103. Enfin, je constate que, s’agissant des bénéficiaires des restitutions qui peuvent être ordonnées, les dispositions visées par la juridiction de renvoi ne prévoient pas de restitution en faveur des personnes privées. La seule disposition citée, à savoir l’article 6 de la loi no 3 de 1986 (84), qui suit directement les articles définissant les infractions et les peines encourues (85), prévoit que le Trésor public a droit aux fonds dont l’obtention illicite a été établie.

104. Pour l’ensemble de ces raisons, selon moi, l’action de l’État de Libye est fondée sur des dispositions qui manifestent l’exercice de prérogatives de puissance publique, ce qui exclut cette action de la notion de « matière civile et commerciale ».

105. Je propose donc à la Cour de juger que le règlement Rome II n’est pas applicable et, par conséquent, de ne pas répondre aux deuxième et troisième questions préjudicielles, qui ont pour objet une interprétation d’autres dispositions de ce règlement.

V. Conclusion

106. Eu égard à l’ensemble des considérations qui précèdent, je propose à la Cour de dire pour droit que la demande de décision préjudicielle introduite par la Qorti tal-Appell (cour d’appel, Malte), par décision du 28 avril 2025, est irrecevable.

À titre subsidiaire, je propose à la Cour de répondre aux questions préjudicielles posées par la Qorti tal-Appell (cour d’appel) de la manière suivante :

L’article 1er, paragraphe 1, du règlement (CE) no 864/2007 du Parlement européen et du Conseil, du 11 juillet 2007, sur la loi applicable aux obligations non contractuelles (« Rome II »),

doit être interprété en ce sens que :

une action, telle que celle en cause au principal, qui est engagée par un État tiers aux fins de restitution de fonds détenus dans un État membre, au motif qu’ils auraient été obtenus illicitement par l’un de ses ressortissants décédé, et qui est fondée sur des lois spéciales, conférant à cet État des pouvoirs exorbitants par rapport aux règles applicables dans les relations entre les particuliers, ne relève pas de la notion de « matière civile et commerciale », au sens de cette disposition.


1 Langue originale : le français.


i Le nom de la présente affaire est un nom fictif.

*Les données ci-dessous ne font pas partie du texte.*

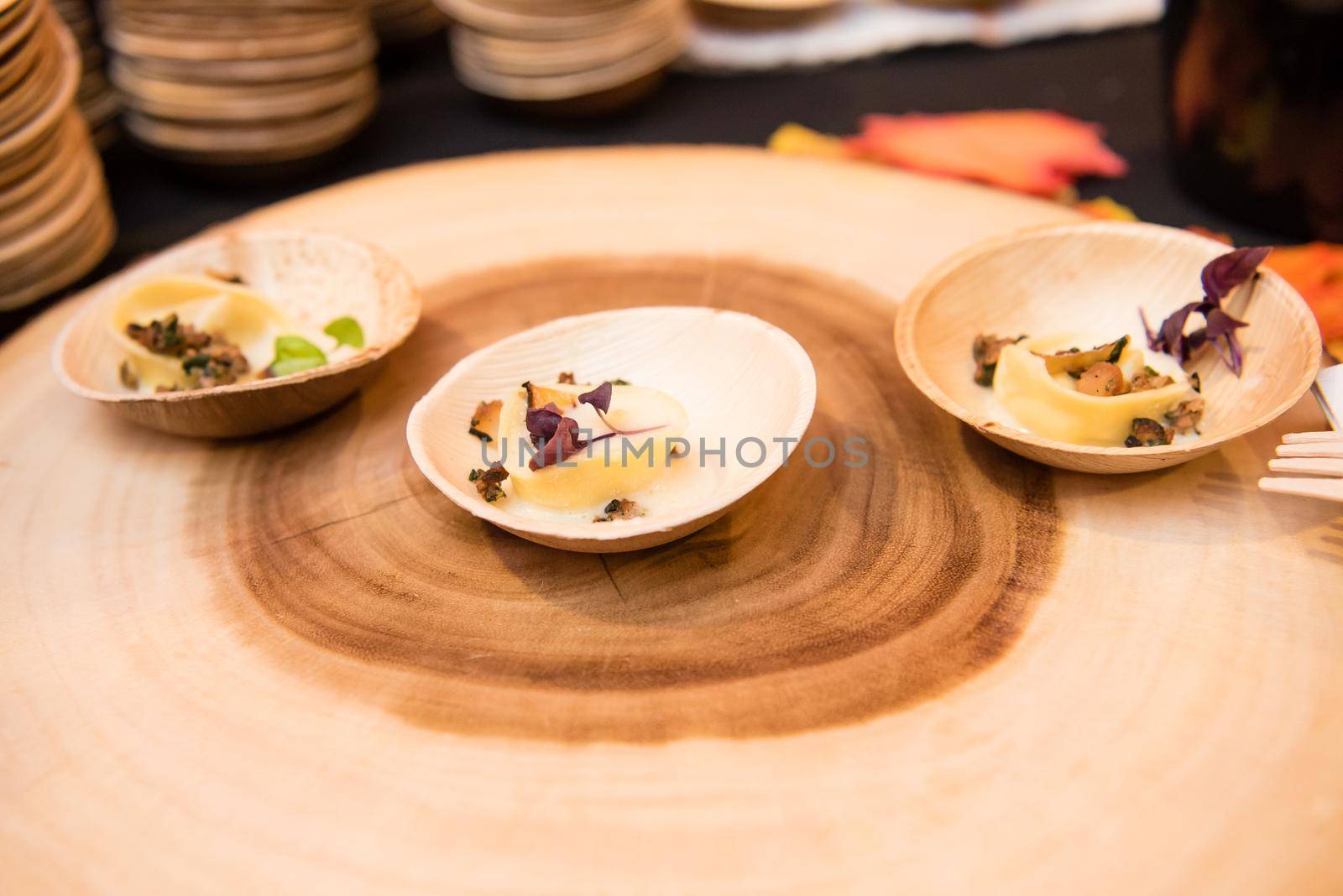 Decorative dessert plates on large piece of wood. by jyurinko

Il ne correspond au nom réel d’aucune partie à la procédure.


2 JO 2007, L 199, p. 40, ci-après le « règlement Rome II ».


3 Ci-après le « représentant de l’État de Libye ».

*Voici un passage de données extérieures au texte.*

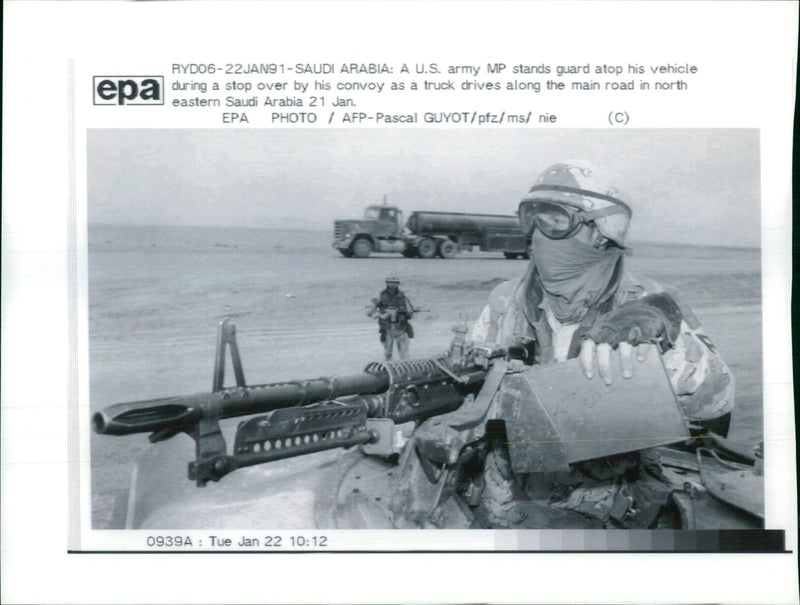 A U.S army MP stands guard atop his vehicle during a stop over. - Vintage Photograph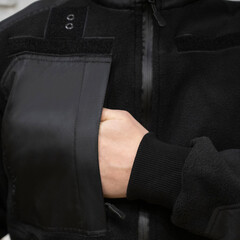 Person Reaching into Pocket of Black Fleece Jacket © Алексей Божко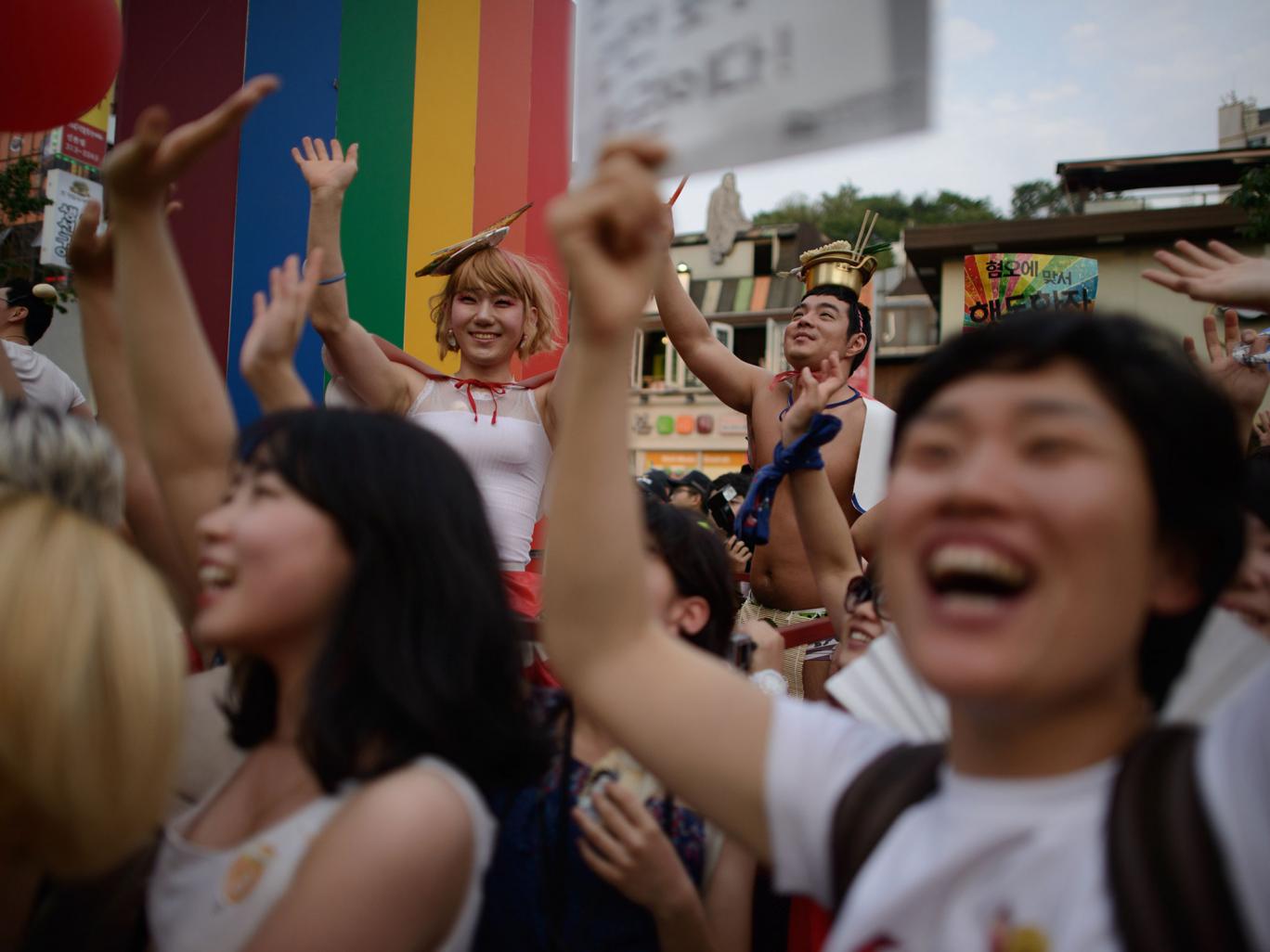 Members of the LGBT community take part in a Gay Pride parade in Seoul. Many younger Koreans preach tolerance and equality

4 Dans les présentes conclusions, j’utiliserai l’orthographe la plus courante en langue française de cette identité. Pour d’autres orthographes, voir points 5 et 12 des présentes conclusions.


5 Ci-après le « Groupe d’experts ».


6 Ce mandat a été prolongé jusqu’au 15 août 2027 [voir paragraphe 24 de la résolution 2819 (2026)].

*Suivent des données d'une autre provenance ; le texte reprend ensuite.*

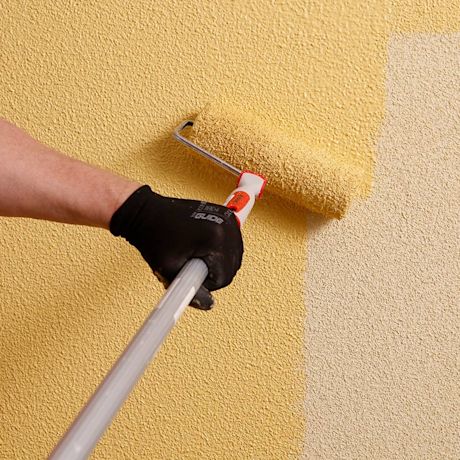 Seinää maalataan telalla keltaiseksi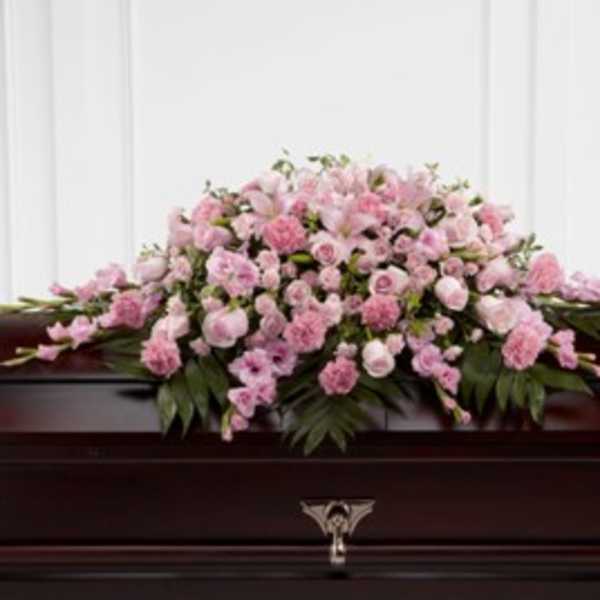 Pink floral casket spray on a dark wooden casket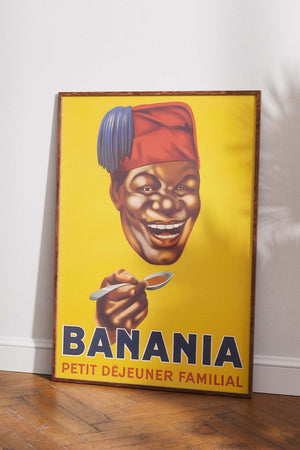 Vintage Banania plakat med smilende mand og ske – fransk retroreklame i gule og røde farver med teksten "Petit Déjeuner Familial".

7 Dans la version en langue française de l’annexe II du règlement (UE) 2016/44 du Conseil, du 18 janvier 2016, concernant des mesures restrictives en raison de la situation en Libye et abrogeant le règlement (UE) no 204/2011 (JO 2016, L 12, p. 1), le prénom est orthographié ainsi : Mouammar. Dans les présentes conclusions, j’utiliserai l’orthographe la plus courante en langue française de cette identité, à savoir Mouammar Kadhafi.


8 Voir, notamment, en termes analogues, paragraphe 20 de la résolution 1973 (2011) du Conseil de sécurité, du 17 mars 2011, ainsi que réaffirmation des intentions du Conseil de sécurité au paragraphe 14 de sa résolution 2701 (2023), du 19 octobre 2023, et au paragraphe 13 de sa résolution 2769 (2025), du 16 janvier 2025, qui énonce : « [Le Conseil de sécurité s]ouligne que les avoirs gelés en application du paragraphe 17 de la résolution 1970 (2011) doivent, à une étape ultérieure, être mis à la disposition du peuple libyen et utilisés à son profit, insiste sur le fait que les mesures de gel des avoirs sont prises à des fins de protection, et demande à tous les États Membres concernés de protéger ces avoirs pour en faire bénéficier le peuple libyen à l’avenir, notamment en empêchant le détournement et l’utilisation à mauvais escient des fonds gelés. » Dans la résolution 2819 (2026), le paragraphe 13 est complété notamment sur les mesures à prendre par les États membres concernés pour la préservation de la valeur des avoirs gelés.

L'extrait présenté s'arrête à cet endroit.